PROBLEM DETAILS:
Please repeat, unchanged, the lines at the top of the listing below, ending with the one that has "Camiseta pinos de".
• • • • • • •
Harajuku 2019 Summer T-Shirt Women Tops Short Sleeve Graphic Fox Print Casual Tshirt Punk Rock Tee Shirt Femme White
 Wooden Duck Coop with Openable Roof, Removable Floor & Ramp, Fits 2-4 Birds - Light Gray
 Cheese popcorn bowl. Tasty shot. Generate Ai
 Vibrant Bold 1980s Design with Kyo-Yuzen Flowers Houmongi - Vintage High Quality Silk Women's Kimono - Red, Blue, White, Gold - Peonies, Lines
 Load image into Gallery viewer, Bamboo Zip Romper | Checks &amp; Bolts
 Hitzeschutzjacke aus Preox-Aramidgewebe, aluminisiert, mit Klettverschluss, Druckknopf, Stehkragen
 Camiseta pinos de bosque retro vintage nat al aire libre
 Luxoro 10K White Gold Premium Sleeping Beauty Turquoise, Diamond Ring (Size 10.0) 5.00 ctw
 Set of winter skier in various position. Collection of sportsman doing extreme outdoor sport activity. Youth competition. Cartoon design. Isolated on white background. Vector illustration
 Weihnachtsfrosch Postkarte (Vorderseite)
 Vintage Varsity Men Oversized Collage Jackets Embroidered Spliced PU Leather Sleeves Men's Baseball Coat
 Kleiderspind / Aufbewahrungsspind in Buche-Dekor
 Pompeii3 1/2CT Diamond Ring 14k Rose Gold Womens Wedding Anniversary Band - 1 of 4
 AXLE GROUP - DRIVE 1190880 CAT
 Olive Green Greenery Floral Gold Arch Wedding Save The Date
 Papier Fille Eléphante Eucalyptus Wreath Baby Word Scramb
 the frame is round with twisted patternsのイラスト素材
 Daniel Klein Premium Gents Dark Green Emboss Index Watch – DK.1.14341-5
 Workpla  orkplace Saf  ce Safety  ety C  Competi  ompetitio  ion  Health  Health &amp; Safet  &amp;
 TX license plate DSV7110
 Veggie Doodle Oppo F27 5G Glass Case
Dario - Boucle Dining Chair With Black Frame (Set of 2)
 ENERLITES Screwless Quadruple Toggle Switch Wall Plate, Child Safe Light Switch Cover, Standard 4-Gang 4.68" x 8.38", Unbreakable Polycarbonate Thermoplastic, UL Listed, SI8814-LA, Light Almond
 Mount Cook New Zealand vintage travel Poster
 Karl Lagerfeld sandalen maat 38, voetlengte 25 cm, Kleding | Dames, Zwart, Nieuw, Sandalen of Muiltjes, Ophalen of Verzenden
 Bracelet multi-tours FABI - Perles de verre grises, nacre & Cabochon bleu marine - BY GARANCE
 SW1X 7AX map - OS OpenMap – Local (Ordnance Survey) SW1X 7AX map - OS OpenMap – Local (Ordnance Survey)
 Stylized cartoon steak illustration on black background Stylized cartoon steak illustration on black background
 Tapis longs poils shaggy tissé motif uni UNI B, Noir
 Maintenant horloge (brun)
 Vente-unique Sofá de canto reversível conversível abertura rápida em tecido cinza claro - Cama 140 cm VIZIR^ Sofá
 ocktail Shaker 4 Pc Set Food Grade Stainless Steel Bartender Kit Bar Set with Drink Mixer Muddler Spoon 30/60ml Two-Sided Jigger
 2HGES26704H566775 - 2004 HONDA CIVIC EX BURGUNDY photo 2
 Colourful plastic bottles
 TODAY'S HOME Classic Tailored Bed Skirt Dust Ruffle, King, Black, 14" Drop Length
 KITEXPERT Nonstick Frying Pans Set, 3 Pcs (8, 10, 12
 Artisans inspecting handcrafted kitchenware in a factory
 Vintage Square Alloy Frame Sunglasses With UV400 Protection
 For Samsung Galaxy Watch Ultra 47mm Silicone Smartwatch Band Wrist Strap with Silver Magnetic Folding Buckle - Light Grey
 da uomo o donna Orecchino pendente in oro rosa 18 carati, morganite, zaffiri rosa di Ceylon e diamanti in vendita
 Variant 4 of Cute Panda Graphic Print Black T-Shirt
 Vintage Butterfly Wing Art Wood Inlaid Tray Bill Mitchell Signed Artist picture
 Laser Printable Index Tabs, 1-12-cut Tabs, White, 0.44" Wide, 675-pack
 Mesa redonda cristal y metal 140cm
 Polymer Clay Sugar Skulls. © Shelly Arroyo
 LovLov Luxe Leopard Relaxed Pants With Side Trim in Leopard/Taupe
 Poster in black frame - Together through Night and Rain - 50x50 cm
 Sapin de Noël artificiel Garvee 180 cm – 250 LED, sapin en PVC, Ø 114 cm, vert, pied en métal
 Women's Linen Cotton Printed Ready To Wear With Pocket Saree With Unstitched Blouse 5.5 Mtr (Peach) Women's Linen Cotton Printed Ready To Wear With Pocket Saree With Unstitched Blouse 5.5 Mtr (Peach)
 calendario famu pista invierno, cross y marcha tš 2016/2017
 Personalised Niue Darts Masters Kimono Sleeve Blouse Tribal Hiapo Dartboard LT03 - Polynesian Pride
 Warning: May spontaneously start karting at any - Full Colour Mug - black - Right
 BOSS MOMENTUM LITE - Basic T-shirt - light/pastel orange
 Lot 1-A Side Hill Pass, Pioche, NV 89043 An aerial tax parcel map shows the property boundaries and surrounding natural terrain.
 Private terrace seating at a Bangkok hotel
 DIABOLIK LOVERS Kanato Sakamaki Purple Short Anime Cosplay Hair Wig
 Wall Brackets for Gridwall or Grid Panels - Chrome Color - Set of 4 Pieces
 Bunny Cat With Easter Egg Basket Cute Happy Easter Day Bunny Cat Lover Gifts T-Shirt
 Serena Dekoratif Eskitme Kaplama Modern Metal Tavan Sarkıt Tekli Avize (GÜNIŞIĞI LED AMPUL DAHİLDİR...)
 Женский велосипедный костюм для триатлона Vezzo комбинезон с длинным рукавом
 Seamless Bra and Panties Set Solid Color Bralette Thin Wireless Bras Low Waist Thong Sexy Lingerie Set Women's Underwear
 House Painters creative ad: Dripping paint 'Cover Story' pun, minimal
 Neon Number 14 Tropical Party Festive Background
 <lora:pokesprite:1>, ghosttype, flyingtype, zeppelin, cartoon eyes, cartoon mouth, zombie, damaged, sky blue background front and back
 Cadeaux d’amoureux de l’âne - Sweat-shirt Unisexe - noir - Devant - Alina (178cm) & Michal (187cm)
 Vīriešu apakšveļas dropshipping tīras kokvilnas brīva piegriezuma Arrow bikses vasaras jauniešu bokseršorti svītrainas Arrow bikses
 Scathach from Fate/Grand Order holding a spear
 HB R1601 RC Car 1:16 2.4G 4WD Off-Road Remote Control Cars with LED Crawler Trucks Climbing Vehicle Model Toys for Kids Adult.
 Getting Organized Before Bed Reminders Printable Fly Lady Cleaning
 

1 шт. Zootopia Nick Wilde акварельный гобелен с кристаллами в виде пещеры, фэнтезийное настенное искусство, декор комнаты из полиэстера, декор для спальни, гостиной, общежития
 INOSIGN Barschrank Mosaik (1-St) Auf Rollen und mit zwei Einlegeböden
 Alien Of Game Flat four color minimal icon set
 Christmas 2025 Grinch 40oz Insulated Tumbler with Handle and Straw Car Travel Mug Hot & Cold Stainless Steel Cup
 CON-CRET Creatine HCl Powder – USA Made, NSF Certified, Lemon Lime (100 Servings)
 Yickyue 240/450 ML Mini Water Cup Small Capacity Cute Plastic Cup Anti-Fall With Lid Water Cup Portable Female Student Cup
• • • • • • •
ANSWER TO THE PROBLEM:
Harajuku 2019 Summer T-Shirt Women Tops Short Sleeve Graphic Fox Print Casual Tshirt Punk Rock Tee Shirt Femme White
 Wooden Duck Coop with Openable Roof, Removable Floor & Ramp, Fits 2-4 Birds - Light Gray
 Cheese popcorn bowl. Tasty shot. Generate Ai
 Vibrant Bold 1980s Design with Kyo-Yuzen Flowers Houmongi - Vintage High Quality Silk Women's Kimono - Red, Blue, White, Gold - Peonies, Lines
 Load image into Gallery viewer, Bamboo Zip Romper | Checks &amp; Bolts
 Hitzeschutzjacke aus Preox-Aramidgewebe, aluminisiert, mit Klettverschluss, Druckknopf, Stehkragen
 Camiseta pinos de bosque retro vintage nat al aire libre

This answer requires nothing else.